We can change the mark to area()
here, and specify the lower and upper bounds of the area using y
and y2
, and use the ci0
and ci1
mark to plot the confidence interval of the estimate of the mean:
alt.Chart(cars).mark_area(opacity=0.3).encode(
x='Year:T',
color='Origin',
y='ci0(Miles_per_Gallon)',
y2='ci1(Miles_per_Gallon)'
)
3. Compounding charts
Creating multi-panel and layered charts is an essential property to have for a data visualization library. Altair provides a concise API for creating multi-panel and layered charts. Let’s explore a few of them:
- Layering
- Horizontal Concatenation
- Vertical Concatenation
Layering
Layering lets you put layer multiple marks on a single Chart. One common example is creating a plot with both points and lines representing the same data. Let’s use the stocks data for this example:
stocks = data.stocks()
stocks.head()
alt.Chart(stocks).mark_line().encode(
x='date',
y='price',
color='symbol'
)
And here is the same plot with a circle mark:
alt.Chart(stocks).mark_circle().encode(
x='date:T',
y='price:Q',
color='symbol:N'
)
We can layer these two plots together using the +
Operator. One pattern we can use often is to create a base chart with the common elements and add together two copies with just a single change:
base = alt.Chart(stocks).encode(
x='date:T',
y='price:Q',
color='symbol:N'
)
base.mark_line() + base.mark_circle()
Horizontal Concatenation
Just as we can layer charts on top of each other, we can concatenate horizontally using alt.hconcat
, or equivalently the | operator:
alt.hconcat(base.mark_line(), base.mark_circle())
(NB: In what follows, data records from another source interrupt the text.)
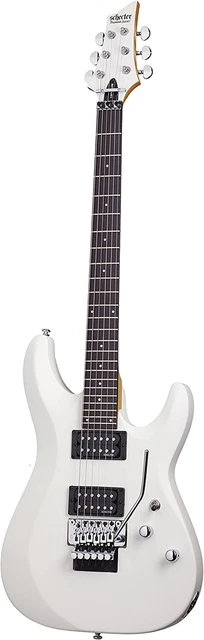 C-6 FR DELUXE Satin White Solid-Body Electric Guitar, Satin White
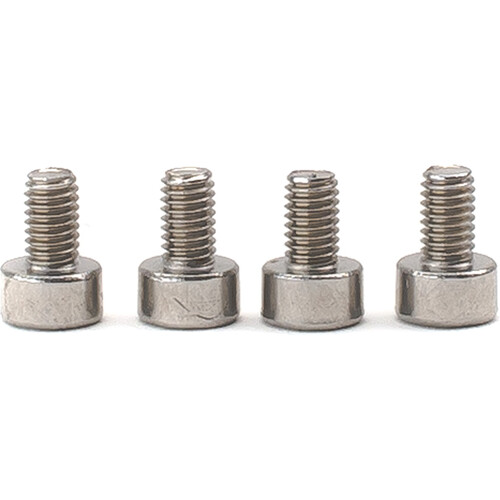 CineMilled M3 x 5mm Stainless Steel Screws (4-Pack)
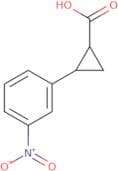 2-(3-Nitrophenyl)cyclopropane-1-carboxylic acid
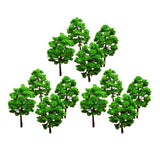 Maxbell 15xModel Trees Train Set Plastic Trunks Scenery Landscape HO N Scale - 10PCS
# Another way of writing the same thing
# base.mark_line() | base.mark_circle()
Vertical Concatenation
Vertical concatenation looks a lot like horizontal concatenation but uses either the alt.vconcat()
function, or the & operator:
base.mark_line() & base.mark_circle()
4. Grammar of interaction
The grammar of interaction allows the building of interactive features of the plot from components. Using our scatter plot from above and adding some interaction to it.
Interactivity and Selections
Altair’s interactivity and grammar of selections are one of its unique features among available plotting libraries.
Just adding .interactive()
fires up the Vega power, and the chart becomes interactable in the browser allowing it to zoom and pan.
alt.Chart(cars).mark_point().encode(
x='Horsepower',
y='Miles_per_Gallon',
color='Origin',
shape='Origin'
).interactive()
Let me walk you through the variety of selection types that are available, and begin to practice creating interactive charts and dashboards.
There are three basic types of selections available:
- Interval Selection:
alt.selection_interval()
- Single-Selection:
alt.selection_single()
- Multi Selection:
alt.selection_multi()
Interval Selection
As an example of a selection, let’s add an interval selection to a chart. We’ll start with our canonical scatter plot:
interval = alt.selection_interval()
alt.Chart(cars).mark_point().encode(
x="Miles_per_Gallon",
y="Horsepower",
color ="Origin"
).properties(
selection = interval
)
The interval selection is a way you can click and drag; the encodings add properties to the selection. We can do selection in 2D as well as 1D. To make the chart more interesting, we can use conditional arguments for the selections, such as changing color using conditions.
interval = alt.selection_interval(encodings=['x'])
alt.Chart(cars).mark_point().encode(
x="Miles_per_Gallon",
y="Horsepower",
color =alt.condition(interval,"Origin",alt.value("lightgray"))
).properties(
selection = interval
)
We can stack the interactive charts using Compounding; the selection between them is also tied. Let’s encode the selection with different variables on the x-axis.
interval = alt.selection_interval(encodings=['x','y'])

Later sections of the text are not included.